All change at CSA Czech Airlines as seven of its eight board members, including CEO Radomir Lasak, have resigned. CSA supervisory board chairman Vaclav Novak has also quit.
It comes after Lasak’s long efforts to push through wage cuts.CSA’s board had in August offered to resign if unions would a agree to a wage cut deal. While CSA’s statement does not mention the reason for the resignation, Lasak is quoted in the Czech press as saying the board agreed to resign after an agreement with unions on wage cuts saving the company around $35 million. These wage cuts, including a 15% cut by pilots, still fall short of those originally sought by the company. You can read plenty more about this here in a detailed article in the Prague Daily Monitor.
Lasak took the helm of CSA nearly four years ago at a particularly dire time for the carrier. He first stabilised the carrier, in part through the sale of a number of assets, before setting out on restoring its profitability. I interviewed Lasak three or four times during his time at CSA, latterly early this year for a cover interview for Airline Business. I asked him just how close they were to the edge when he took the helm. “Close,” he said. “I started to read about bankruptcy law.” You can read the article here.
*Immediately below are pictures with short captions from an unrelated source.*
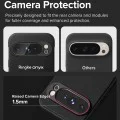 Калъф за Google Pixel 9 Pro - Ringke Onyx MagSafe - Черен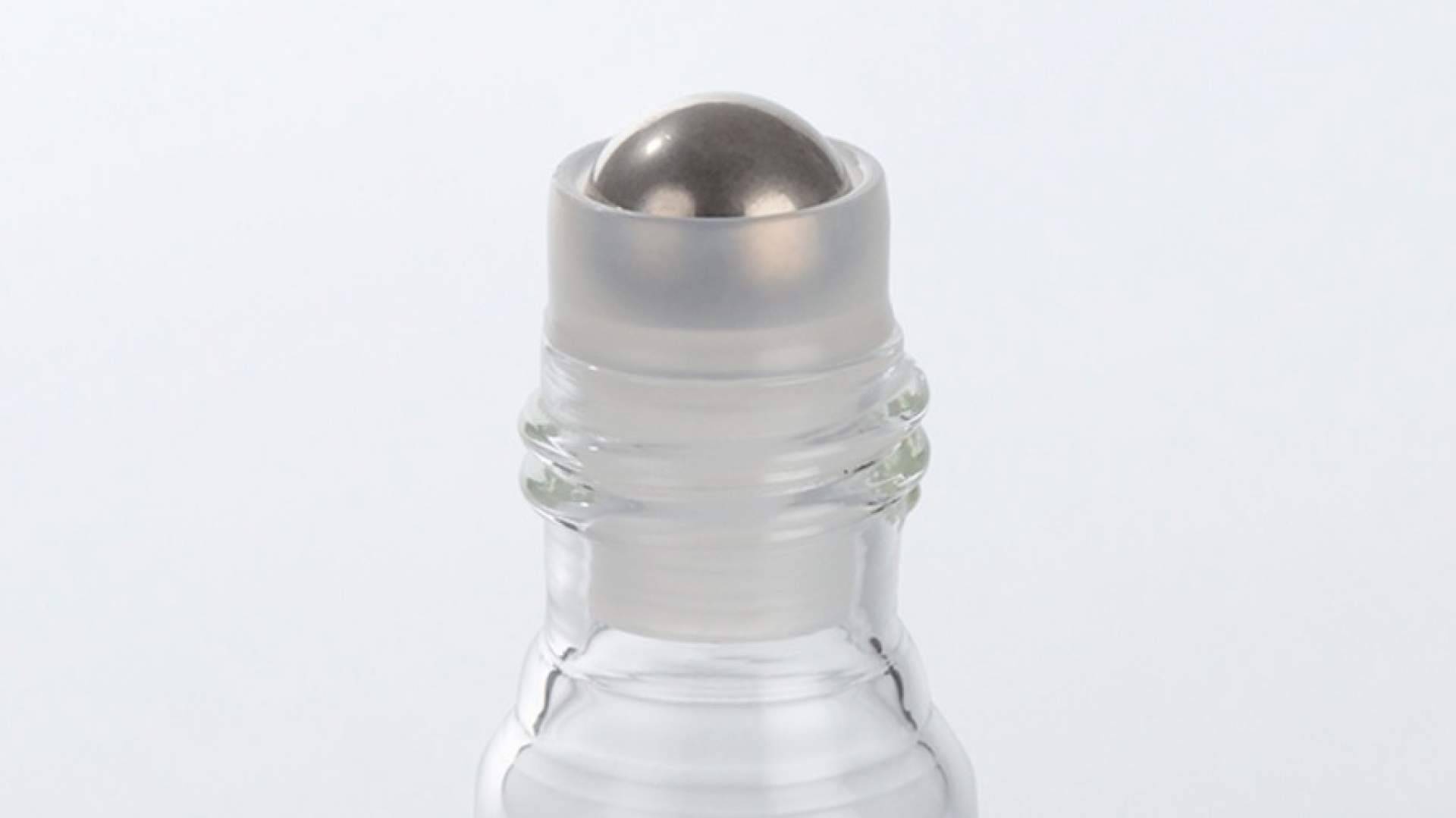 Dónde comprar envases roll on cosméticos y cómo escoger el formato ideal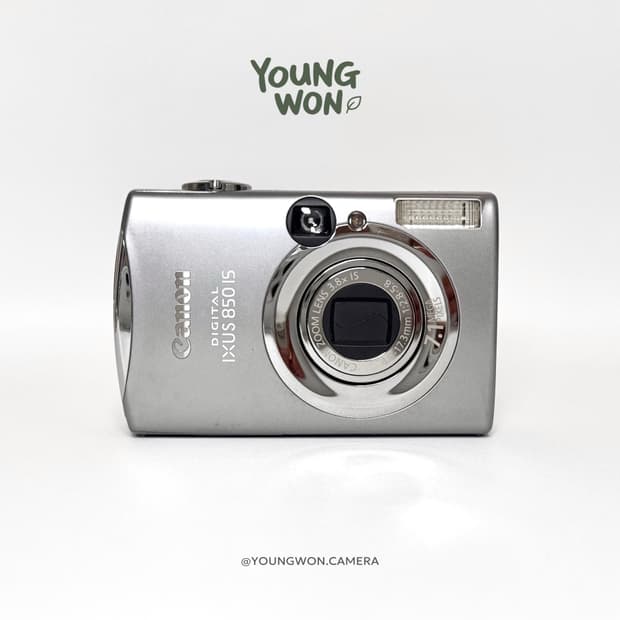 캐논 익서스 850is IXUS | 익시 IXY 900 | 파워샷 SD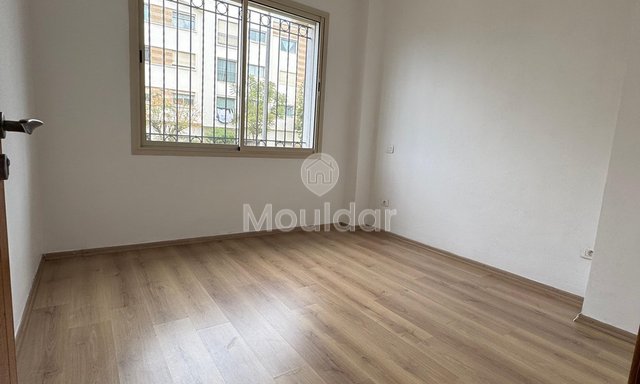 Appartamento in affitto a Casablanca: Spazio, Comfort e Servizi - 3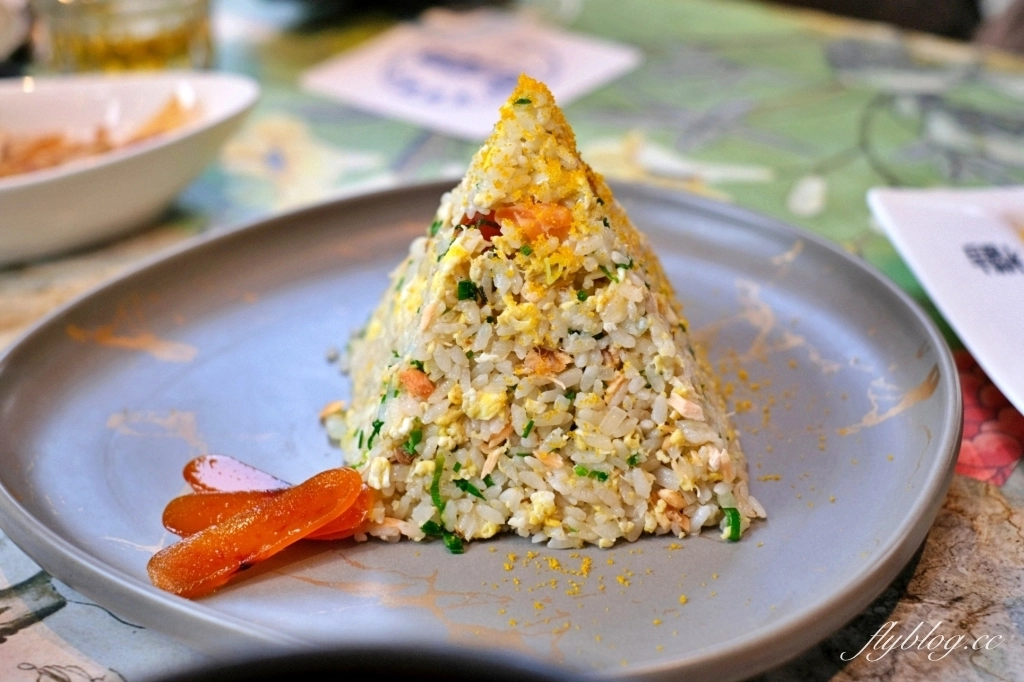 2024台中米其林必比登推薦！27家美食餐廳懶人包，百元以下銅板美食 @飛天璇的口袋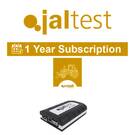 Jaltest OHW Лицензия на использование на один год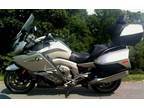 $24,995 2012 Bmw K1600 Gtl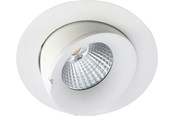 Lampy - Nordtronic Velia Large Tilt LED 10.9W 3000K - 31131013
But market conditions have turned against the carrier – the airline is expecting losses this year - just as the state has been attempting to privatise the airline. A consortium, including Czech airline Travel Service, is the only bidder still in contention.
In the meantime, new board chairman Miroslav Zámečník says the existing restructuring projecSt are continuing as before.
And in an unusual sign of airport and airline harmony, new man at the helm of CSA is Miroslav Dvorak – who is and will remain head of another Czech privatisation target, Prague Airport. “The appointment of Dvořák, until now the CEO of Prague Airport, does not constitute a conflict of interest. Both companies are controlled entities according to the applicable legislation, whose common shareholder is the State,” says Zámečník.